Embalagens e bicicletas. Tudo a ver.
0Embalagens e bicicletas são incapazes de provocar acidentes, lotar praias ou rios, emporcalhar cidades ou transgredir regras. Mas além disso, o que mais esses produtos têm em comum? Artigo de Hermes Contesini*.
Moro numa cidade pequena do Grande ABC, cercada de São Paulo por (quase) todos os lados.
Como em muitos outros lugares, a bicicleta vem sendo bastante privilegiada, com ciclofaixas exclusivas e pistas inteiras fechadas aos domingos nas principais vias. Tudo bem até aqui. Tudo bem, também, que as leis e regulamentos de trânsito beneficiem as bicicletas; de fato, elas são mais frágeis que motos, carros, ônibus e caminhões. O problema é que muitas dessas bicicletas resolvem não respeitar nada: faixa de pedestres (que não são respeitados sequer nas calçadas), semáforos fechados, suas próprias ciclovias, andam pela contramão, invadem pistas não reservadas, ignoram sinalização em geral – mesmo aquelas feitas para as bicicletas.
Obviamente não sou contra bicicletas, pelo contrário: temos as nossas em casa – e apreciamos a sensação de segurança que faixas exclusivas proporcionam. No entanto, a atitude temerária das bicicletas acaba provocando alguns conflitos e acidentes. Muitos fatais, infelizmente.

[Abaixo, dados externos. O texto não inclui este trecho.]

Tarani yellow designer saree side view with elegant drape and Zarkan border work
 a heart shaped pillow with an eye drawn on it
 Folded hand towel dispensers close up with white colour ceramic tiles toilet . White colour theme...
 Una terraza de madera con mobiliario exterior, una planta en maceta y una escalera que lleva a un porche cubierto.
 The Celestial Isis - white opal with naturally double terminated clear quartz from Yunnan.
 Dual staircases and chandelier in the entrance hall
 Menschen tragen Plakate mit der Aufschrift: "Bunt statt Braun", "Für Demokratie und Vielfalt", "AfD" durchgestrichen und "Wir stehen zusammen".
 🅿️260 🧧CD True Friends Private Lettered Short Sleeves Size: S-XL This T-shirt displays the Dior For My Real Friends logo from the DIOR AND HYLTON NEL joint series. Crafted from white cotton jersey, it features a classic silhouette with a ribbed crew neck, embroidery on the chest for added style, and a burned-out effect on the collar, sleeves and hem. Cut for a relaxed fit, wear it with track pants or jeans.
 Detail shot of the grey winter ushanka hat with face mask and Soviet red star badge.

Normalmente pensamos no meio ambiente sendo contaminado por embalagens descartáveis, mas na verdade ele é contaminado pelas atitudes dos consumidores
Embalagens são similares a bicicletas num ponto: existem regras de uso para ambas. No caso das embalagens (inclusive aquelas que envolvem bicicletas) as empresas fabricantes de bens de consumo têm de garantir seu fluxo reverso. Para isso, os consumidores, verdadeiros donos das embalagens vazias, devem encaminhá-las para pontos de coleta seletiva ou entrega voluntária.
Necessariamente, embalagens devem ser recicláveis e recicladas. Ainda assim, vemos uma quantidade enorme de embalagens desrespeitando todas essas determinações, acomodando-se em lugares destinados a outros tipos de resíduos, bueiros, lixões a céu aberto ou aterros controlados, rios, mares e oceanos (esse, o destino da moda).
Bicicletas e embalagens tem mais um fator em comum: por si só, são incapazes de provocar acidentes, lotar praias ou rios, emporcalhar cidades ou transgredir regras. Para que isso aconteça, é necessário e imprescindível que o vetor chamado consumidor aja. Ele vai ao mercado, adquire produtos e os usa, descartando as embalagens de forma indevida. Assim, o ambiente vai sendo contaminado pelas atitudes dos consumidores e não pelos produtos em si – os tais resíduos sólidos urbanos.
Parece que há certa timidez em abordar o assunto. Afinal, foram décadas a fio ensinando a consumir. Abrir uma embalagem e consumir. Melindrar os chamados Shoppers, dando a eles o trabalho de separar resíduos, pode ser um tiro no pé… Assim como no caso dos ciclistas, que receberam direitos sem receber a devida informação sobre seus deveres na mesma proporção, os consumidores dos produtos embalados, envasados, acondicionados, frequentemente destinam suas embalagens aos lugares errados, inconscientes das suas obrigações.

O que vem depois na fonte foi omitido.